#### DATA TO EXAMINE

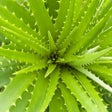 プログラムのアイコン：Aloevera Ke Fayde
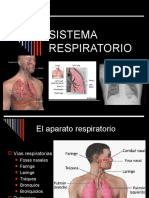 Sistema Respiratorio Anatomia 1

########
#### DATA TO EXAMINE

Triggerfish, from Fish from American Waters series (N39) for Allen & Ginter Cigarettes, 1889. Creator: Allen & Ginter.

########

• **TASK STATEMENT**: Give the lines above again exactly, from the one containing "プログラムのアイコン：Aloevera Ke Fayde" to the one containing "Sistema Respiratorio Anatomia 1", both included, but leave out the pictures.

• **YOUR SOLUTION**:
 プログラムのアイコン：Aloevera Ke Fayde
 Sistema Respiratorio Anatomia 1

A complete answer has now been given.